しかし、先日、読書家のと。さんが本書を2009年のベストに挙げていて、しかも春樹の「風の歌を聴け」以来、と書いてある。早速読んでみたら、これが思った以上に面白く、上下巻を一気読みしてしまった。

大手出版社で週刊誌の編集長を務めている42歳の主人公カワバタ。彼がビジネス上の見返りにグラビアアイドル、フジサキ・リコを抱くところから物語は始まる。東大准教授の美しい妻とは長女の後に生まれた息子を亡くして以来セックスレスの関係になっているが、定期的に会う愛人がいる。
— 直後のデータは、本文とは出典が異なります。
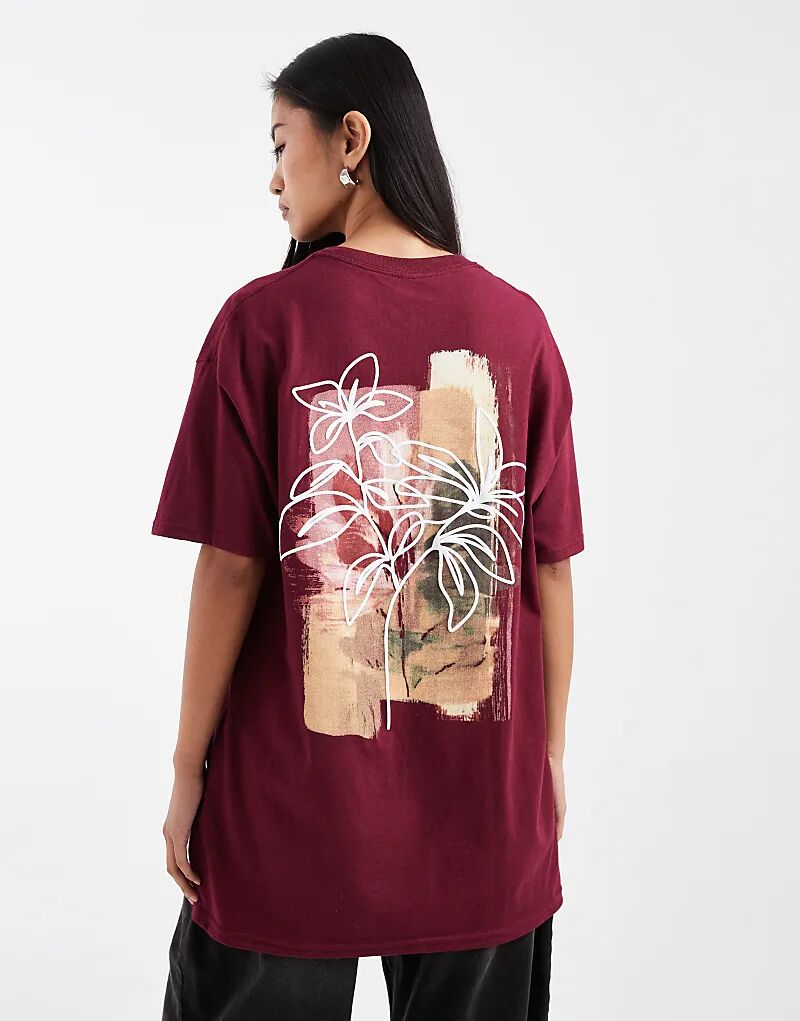 

Футболка Miss Selfridge свободного кроя с абстрактным цветочным принтом бордового цвета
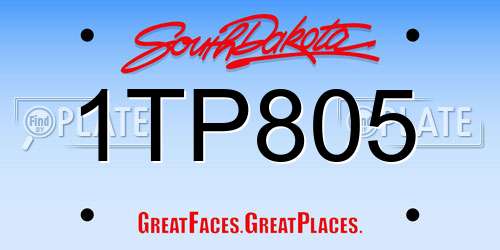 1TP805 South Dakota License Plate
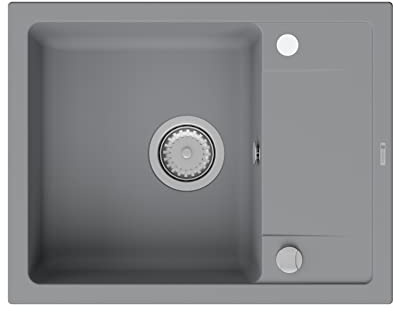 GRANMASTER Smart Spülbecken Küche - mit 1 Becken - Granitspüle mit Siphon Waschbecken Küche - Einbauspüle Arbeitsplatte Küchenspüle 67x44x16,4 cm Spüle Titan mit Abtropffläche
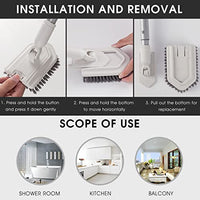 HASTHIP® Bathroom Cleaning Brush with 39" Long Extendable Handle & 1 Soft Brush and 1 Scrub Brush, Adjustable Shower Cleaning Brush for Shower, Bathtub, Bathroom, Wall, Floor, Kitchen, Toilet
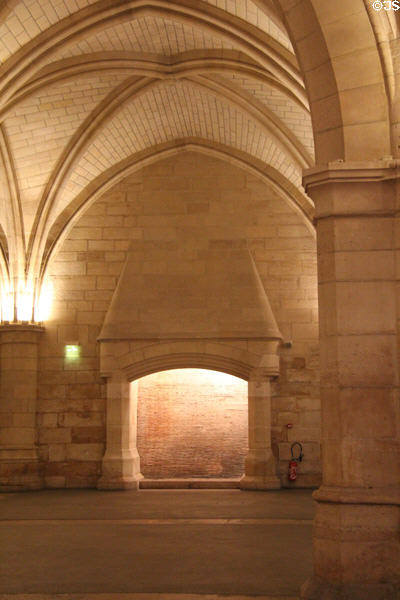 Fireplace in Salle des Gens d'Armes at Conciergerie. Paris, France.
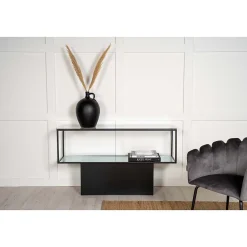 Console en verre et acier Maglehem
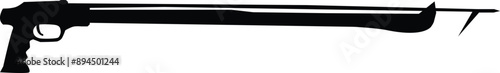Harpoon gun icon. Hunting weapon symbol. harpoon gun for fishing sign.  whaling harpoon with a wooden handle logo. flat style.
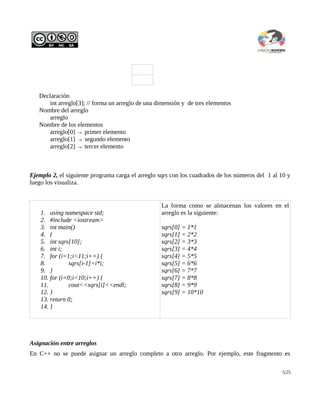 Declaración
      int arreglo[3]; // forma un arreglo de una dimensión y de tres elementos
   Nombre del arreglo
      arreglo
   Nombre de los elementos
      arreglo[0] → primer elemento
      arreglo[1] → segundo elemento
      arreglo[2] → tercer elemento



Ejemplo 2, el siguiente programa carga el arreglo sqrs con los cuadrados de los números del 1 al 10 y
luego los visualiza.


                                                   La forma como se almacenan los valores en el
    1. using namespace std;                        arreglo es la siguiente:
    2. #include <iostream>
    3. int main()                                  sqrs[0] = 1*1
    4. {                                           sqrs[1] = 2*2
    5. int sqrs[10];                               sqrs[2] = 3*3
    6. int i;                                      sqrs[3] = 4*4
    7. for (i=1;i<11;i++) {                        sqrs[4] = 5*5
    8.          sqrs[i-1]=i*i;                     sqrs[5] = 6*6
    9. }                                           sqrs[6] = 7*7
    10. for (i=0;i<10;i++) {                       sqrs[7] = 8*8
    11.         cout<<sqrs[i]<<endl;               sqrs[8] = 9*9
    12. }                                          sqrs[9] = 10*10
    13. return 0;
    14. }




Asignación entre arreglos
En C++ no se puede asignar un arreglo completo a otro arreglo. Por ejemplo, este fragmento es

                                                                                                 5/25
世間で言うところの成功者であり、思い切り俗世間にまみれている人だなあと思いながら読み始めた。彼は政権党の大物Nの金銭スキャンダルをスクープしようとしているのだが、風向きが悪くなったことを感じ、「何事か流れを引き戻す儀式」として女を抱こうとするような人間なのだが、同時に彼は41歳で胃ガンを患い、再発に備えて薬を飲み続けている。カワバタは思う。

「すべてがくだらない、と何となく思った。この世界のすべてが、たしかに猛烈にくだらない。」

Nを巡るスクープ、フジサキ・リコとの再会、ガンで入院中に知り合った友人の死、パチンコ店での氏名手配犯との遭遇、会社での権力闘争など、カワバタの周囲で次々に起こるストーリーを縦軸とするなら、横軸になっているのはカワバタの思考である。
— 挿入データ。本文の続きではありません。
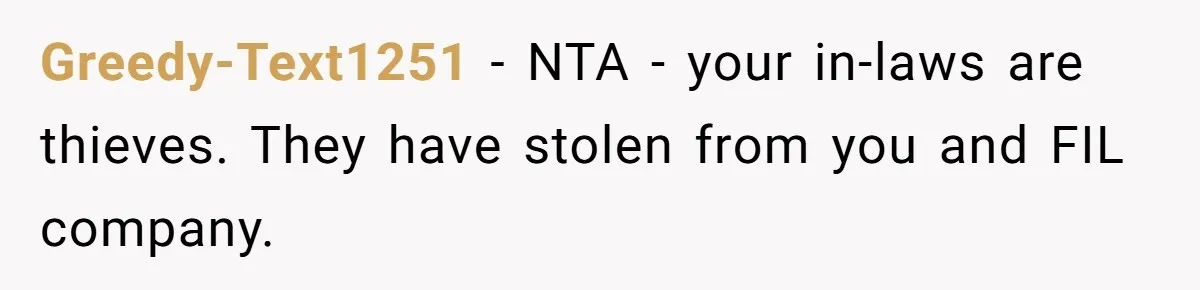 The High-Altitude Heist: When "Family Discounts" Turn Into a $7,000 Family Feud Greedy-Text1251 − NTA - your in-laws are thieves. They have stolen from you and FIL company.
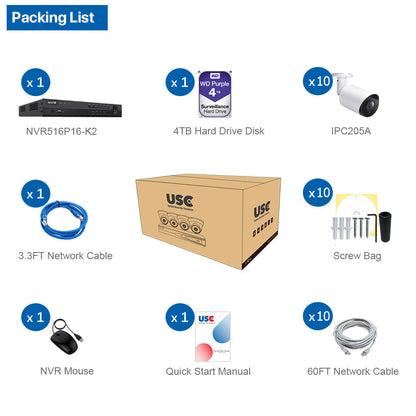 16 Channel 6MP PoE IP Camera System 16CH 4K NVR and 10 Pcs 6MP PoE Bullet Security Cameras with 4TB HDD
カワバタが懐疑のまなざしを向けるのは、格差社会においてのミルトン・フリードマンや小泉純一郎やイチローや松坂大輔であるし、「お金やキャリアのために仕事を優先し、乳飲み子を他人に預けている女性」である妻であるし、あるいは餓死寸前の子供たち2410人を1年間生き延びさせることができるのと同じギャラを30分のTV出演料で稼ぎだしているチャーリー・シーンである。社会や経済に関する書物からの引用がそこここになされ、マザー・テレサやアポロ13号の元乗組員が登場するなど、各所に刺激が散りばめられていて興味が尽きない。
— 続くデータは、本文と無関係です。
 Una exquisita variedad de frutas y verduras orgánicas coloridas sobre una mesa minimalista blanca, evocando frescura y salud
面白かったのは、普段の我が家の会話をどこかで盗み聞きされているのでは?と思うほど、いくつもの問題提起が我が家でもよくある議論であったこと。ま、逆に言えば誰もが感じている疑問ということだろう。すべてがカワバタに共感するわけではないけれど、この社会で本当にこれって正しい?と思うことは限りなくあって、答えが見つからないまま考え続けていることはたくさんある。夫がこの本を読んだら溜飲を下げそうだ。カワバタの、女性への厳しい見方に特に共感しそう(笑)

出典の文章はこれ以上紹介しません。